When Novo Nordisk decided to purchase land and enter Barakat Pharmaceutical Town in 2016, the controversial reputation of EIKO, the Iranian counterpart selling the land, was well-known. This should have raised serious red flags within Novo Nordisk. It should also have triggered the Danish pharmaceutical company to conduct a corresponding degree of human rights due diligence because of the severe risks associated with partnering with EIKO and purchasing land that may have been controversially confiscated from minority communities, political dissidents, or other persecuted persons prior to its sale. Instead, Novo Nordisk’s due diligence prior to the purchase of the land was opaque and appears to have focused too narrowly on compliance with strictly legal and technical aspects, such as the US sanctions regime and a government-issued land title, and too little on human rights due diligence with a heightened degree of caution, meaningful stakeholder engagement, and transparency.
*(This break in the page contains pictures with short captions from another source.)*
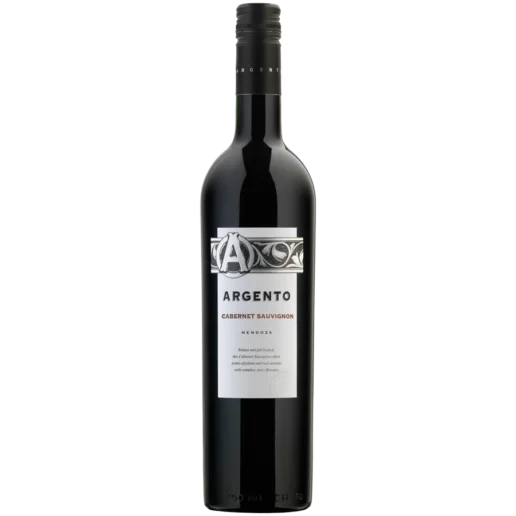 Argento Cabernet Sauvignon.png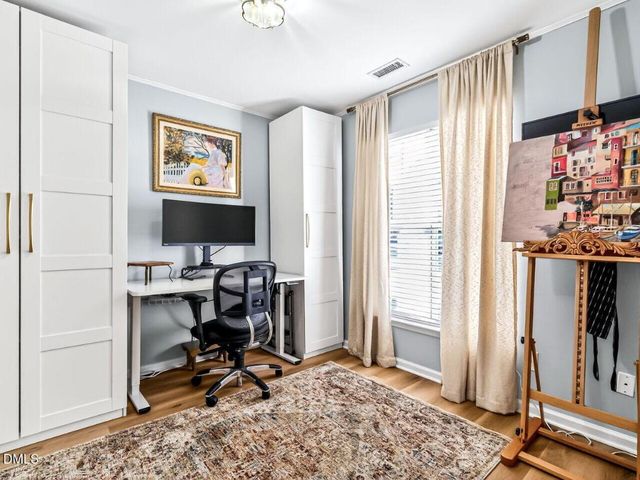 9710 Briertownes Parkway, Raleigh, NC 27617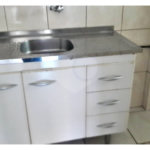 Apartamento à venda com 2 quartos em Santana, São Paulo, SP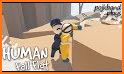 Tricks Human Fall Flat Free Ultimate related image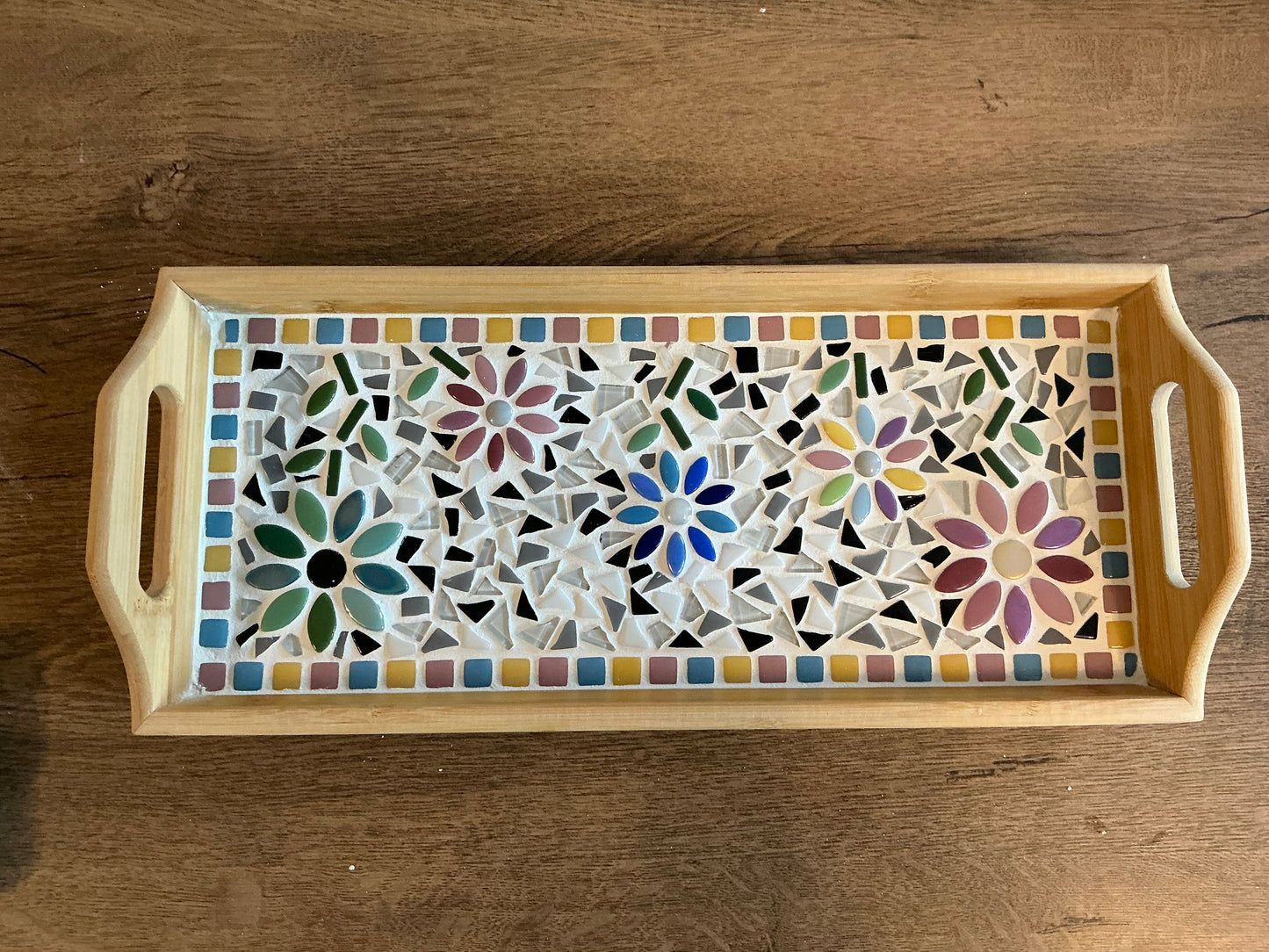 *St Ives River Terrace Adults only Workshop*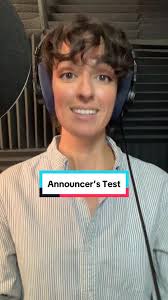 Breathing Exercises for Choirs: Tips for Controlled Breathing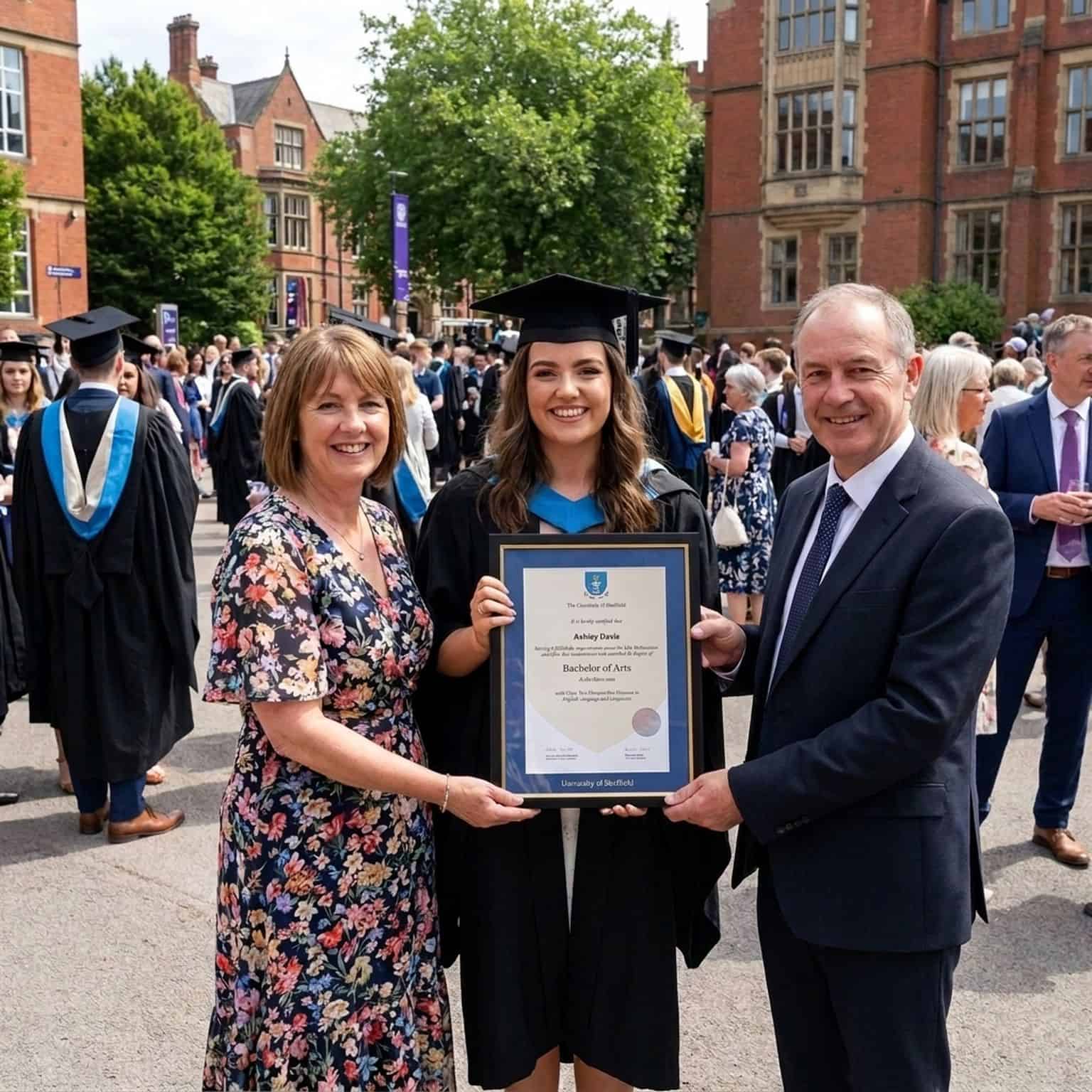 sheffield-uni-parents-with-student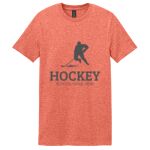 Gildan Softstyle Tee Thumbnail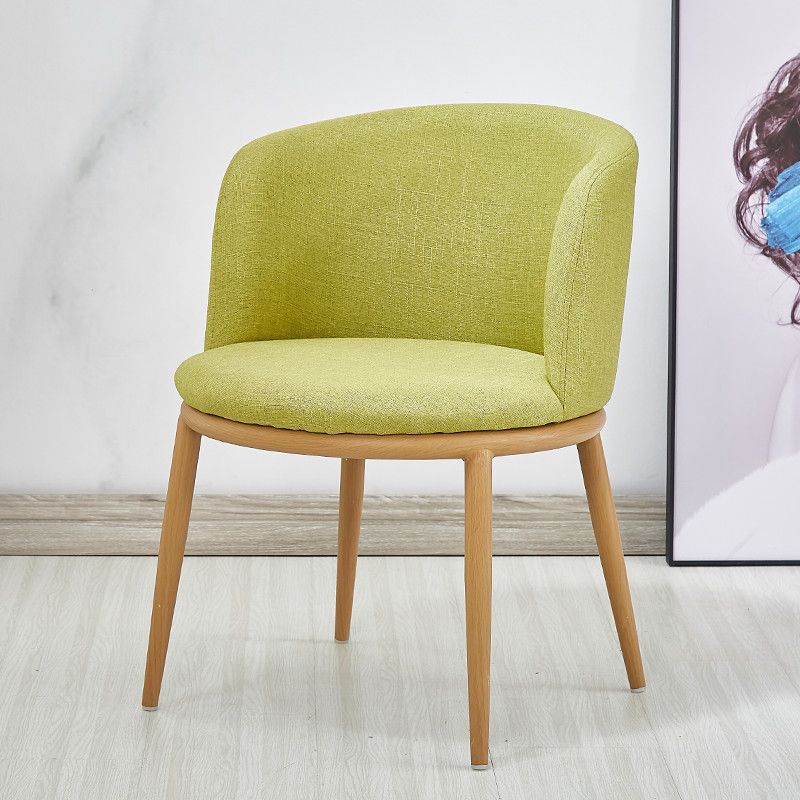 Designer Sessel Brehn
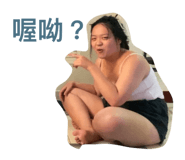 514609571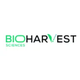 is-bioharvest-an-israeli-company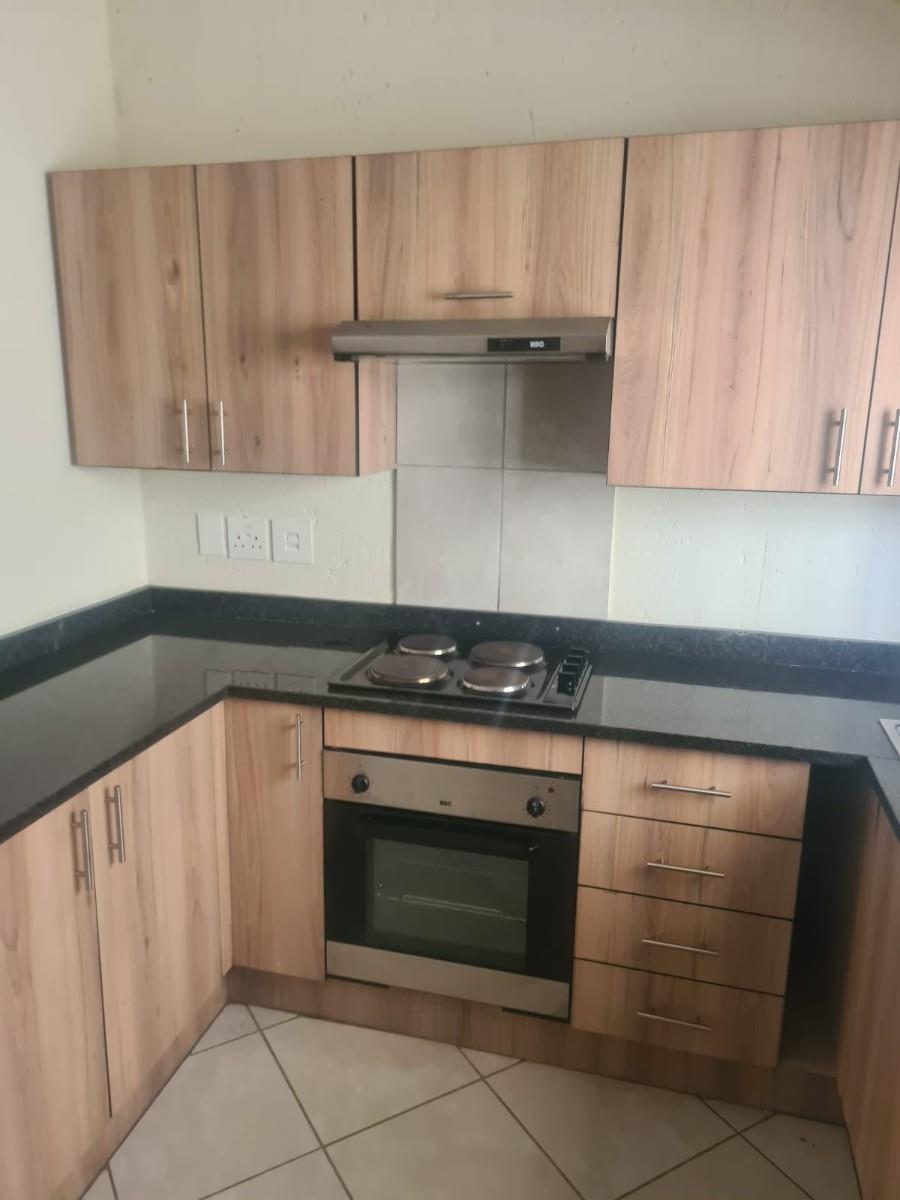 Townhouse for sale in Goedeburg, Benoni, 85 m²
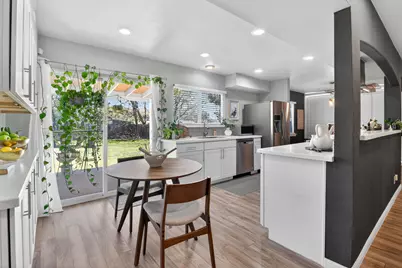 12329 Deerbrook Trail, Austin, TX 78750 - Photo 11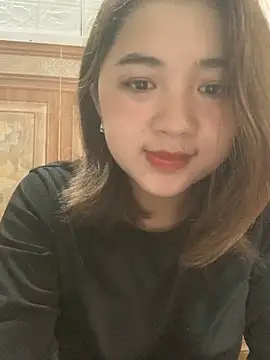 Lonnina online show from October 9, 1:36 am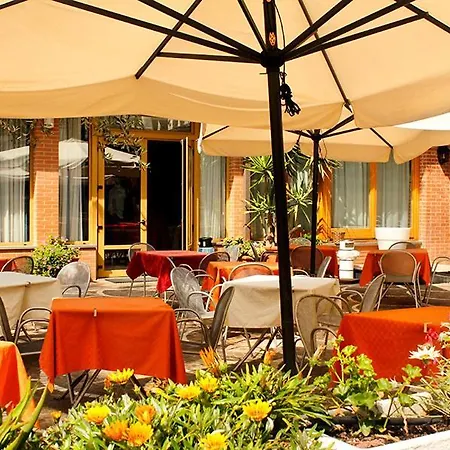 Hotel Ariston-3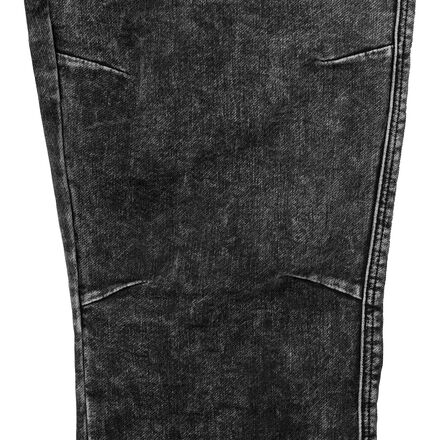 Ripton - Overalls - Men's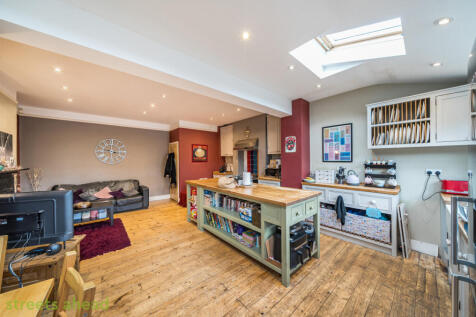 782ad2ff-1073-420...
While the provision of medicines that are crucial for the fulfilment of the human right to healthcare in Iran or any country is indeed a laudable aim, the pursuit of this aim does not exempt companies from respecting other human rights, and conducting appropriate human rights due diligence to ensure that they are not linked or contributing to potentially severe abuses of other human rights.

This publication is part of a series of four discussion papers, in which SOMO and Justice for Iran analyse companies that ran into trouble due to their activities in Iran, because they were ill-prepared for the risks of becoming involved in the regime’s human rights abuse. As the momentum for mandatory due diligence legislation grows around the world, it is important to draw lessons from these examples. The first paper in this series discussed the involvement of telecom companies in human rights violations.